A parliamentary inquiry into the franchising industry handed down its report in March.
The report has made 71 recommendations, which if adopted, will see a significant change to how the franchising industry in Australia will operate.
The bipartisan report was damming in its review and called for new laws and greater enforcement powers to the regulator.
The $170 billion industry in Australia has seen significant disputes between franchisors and franchises.
The report described the current regulatory environment as having, “manifestly failed to deter systemic poor conduct and exploitative behaviour and has entrenched the power imbalance”.
The report also found rampant underpayment, unfair contracts and an imbalance of power between franchisees and franchisors are some of the commonly raised issues.
Disturbingly the report drew parallels between the franchising sector and the behaviour uncovered by the Banking Royal Commission.

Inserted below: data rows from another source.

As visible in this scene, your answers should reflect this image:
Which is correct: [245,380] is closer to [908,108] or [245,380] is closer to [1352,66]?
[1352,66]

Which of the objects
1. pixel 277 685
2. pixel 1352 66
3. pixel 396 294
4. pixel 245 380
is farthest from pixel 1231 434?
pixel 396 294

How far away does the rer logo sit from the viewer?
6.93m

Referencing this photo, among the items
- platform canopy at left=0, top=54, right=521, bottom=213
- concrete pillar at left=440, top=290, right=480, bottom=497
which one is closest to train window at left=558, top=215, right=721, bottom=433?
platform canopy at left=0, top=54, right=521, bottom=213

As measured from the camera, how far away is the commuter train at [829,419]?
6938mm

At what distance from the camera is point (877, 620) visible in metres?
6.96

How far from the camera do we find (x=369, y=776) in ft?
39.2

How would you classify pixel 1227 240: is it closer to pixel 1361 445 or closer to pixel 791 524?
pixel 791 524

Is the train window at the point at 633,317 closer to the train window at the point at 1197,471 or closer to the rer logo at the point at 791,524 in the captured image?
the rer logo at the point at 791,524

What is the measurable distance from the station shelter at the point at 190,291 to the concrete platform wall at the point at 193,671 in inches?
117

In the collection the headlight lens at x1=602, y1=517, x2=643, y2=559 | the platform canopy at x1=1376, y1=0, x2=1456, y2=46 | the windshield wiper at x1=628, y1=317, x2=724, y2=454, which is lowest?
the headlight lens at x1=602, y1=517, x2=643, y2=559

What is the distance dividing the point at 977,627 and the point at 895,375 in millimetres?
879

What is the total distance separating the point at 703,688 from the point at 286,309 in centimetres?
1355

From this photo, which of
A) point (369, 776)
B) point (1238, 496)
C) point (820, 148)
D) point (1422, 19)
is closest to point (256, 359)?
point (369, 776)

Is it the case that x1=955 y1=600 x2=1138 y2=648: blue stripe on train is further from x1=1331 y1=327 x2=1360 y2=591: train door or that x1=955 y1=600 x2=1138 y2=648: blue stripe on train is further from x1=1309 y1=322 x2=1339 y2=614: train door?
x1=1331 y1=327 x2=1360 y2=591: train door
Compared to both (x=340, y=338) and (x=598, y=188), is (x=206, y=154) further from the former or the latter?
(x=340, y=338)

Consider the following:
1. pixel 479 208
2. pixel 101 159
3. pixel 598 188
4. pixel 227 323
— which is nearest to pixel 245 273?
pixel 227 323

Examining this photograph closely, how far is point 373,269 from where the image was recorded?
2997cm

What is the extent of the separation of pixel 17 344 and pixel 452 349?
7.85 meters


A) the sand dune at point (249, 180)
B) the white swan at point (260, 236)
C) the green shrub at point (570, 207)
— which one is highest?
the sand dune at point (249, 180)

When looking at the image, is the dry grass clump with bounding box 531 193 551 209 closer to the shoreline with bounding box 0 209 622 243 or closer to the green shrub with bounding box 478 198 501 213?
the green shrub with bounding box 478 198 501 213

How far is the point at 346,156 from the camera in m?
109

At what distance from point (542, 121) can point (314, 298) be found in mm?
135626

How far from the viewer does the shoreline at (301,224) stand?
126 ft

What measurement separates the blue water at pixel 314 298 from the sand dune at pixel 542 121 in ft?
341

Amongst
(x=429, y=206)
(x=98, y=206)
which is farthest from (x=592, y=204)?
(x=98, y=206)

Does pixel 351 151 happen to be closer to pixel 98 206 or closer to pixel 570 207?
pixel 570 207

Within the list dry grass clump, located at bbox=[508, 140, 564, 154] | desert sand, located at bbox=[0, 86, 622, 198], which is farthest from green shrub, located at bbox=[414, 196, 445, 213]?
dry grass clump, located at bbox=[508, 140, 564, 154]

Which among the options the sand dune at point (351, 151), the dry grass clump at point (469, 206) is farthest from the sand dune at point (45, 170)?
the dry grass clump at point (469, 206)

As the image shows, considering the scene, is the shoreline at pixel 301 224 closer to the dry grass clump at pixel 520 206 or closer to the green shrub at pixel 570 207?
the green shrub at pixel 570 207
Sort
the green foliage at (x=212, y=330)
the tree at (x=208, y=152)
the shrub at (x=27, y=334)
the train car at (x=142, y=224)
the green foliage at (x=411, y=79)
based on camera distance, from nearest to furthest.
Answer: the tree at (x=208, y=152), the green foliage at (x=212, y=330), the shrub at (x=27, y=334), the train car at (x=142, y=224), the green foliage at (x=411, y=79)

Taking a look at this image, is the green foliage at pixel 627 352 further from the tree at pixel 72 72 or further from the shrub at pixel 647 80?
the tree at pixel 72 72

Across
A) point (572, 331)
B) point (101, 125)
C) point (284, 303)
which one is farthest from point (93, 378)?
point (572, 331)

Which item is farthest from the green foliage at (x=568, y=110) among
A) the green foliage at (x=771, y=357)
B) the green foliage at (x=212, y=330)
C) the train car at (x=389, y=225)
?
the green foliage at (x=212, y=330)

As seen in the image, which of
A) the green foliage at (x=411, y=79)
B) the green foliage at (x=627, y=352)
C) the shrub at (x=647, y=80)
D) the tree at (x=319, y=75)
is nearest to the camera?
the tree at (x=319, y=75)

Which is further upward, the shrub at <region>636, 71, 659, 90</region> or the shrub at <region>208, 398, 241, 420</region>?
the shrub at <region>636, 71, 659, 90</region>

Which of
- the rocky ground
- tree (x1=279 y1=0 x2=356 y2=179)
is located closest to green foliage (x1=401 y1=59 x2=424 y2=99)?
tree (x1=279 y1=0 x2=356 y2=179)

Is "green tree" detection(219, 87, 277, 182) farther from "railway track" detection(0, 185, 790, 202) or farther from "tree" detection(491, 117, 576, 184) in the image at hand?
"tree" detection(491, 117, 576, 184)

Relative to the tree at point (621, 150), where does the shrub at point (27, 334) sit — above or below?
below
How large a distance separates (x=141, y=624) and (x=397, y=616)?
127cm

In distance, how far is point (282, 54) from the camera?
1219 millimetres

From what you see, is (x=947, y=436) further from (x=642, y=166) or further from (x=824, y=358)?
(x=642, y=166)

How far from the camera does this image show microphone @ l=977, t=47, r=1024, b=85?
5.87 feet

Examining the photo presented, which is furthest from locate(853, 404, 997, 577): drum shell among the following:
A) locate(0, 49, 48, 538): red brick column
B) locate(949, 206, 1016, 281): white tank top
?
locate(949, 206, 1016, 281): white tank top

The report recommends the taskforce examine making unfair contract terms in franchise agreements illegal, investigate options for a public franchise register with franchisors providing updated disclosure documents, and template franchise agreements annually.
It recommended civil penalties if franchisors fail to comply.
The report calls for the ACCC, the Australian Taxation Office and the corporate watchdog, the Australian Securities and Investments Commission, to launch investigations into embattled Retail Food Group, its current and former directors and officers for potential insider trading, tax evasion, quality of audit, directors’ duties and continuous disclosure.
The report called on the government to establish a taskforce to consider and implement the recommendations.
In response Small Business Minister Michaelia Cash said the establishment of an inter-agency taskforce was the first recommendation of the committee.
She said the government had now set up that taskforce and that it would examine the feasibility and implementation of the committee’s other recommendations.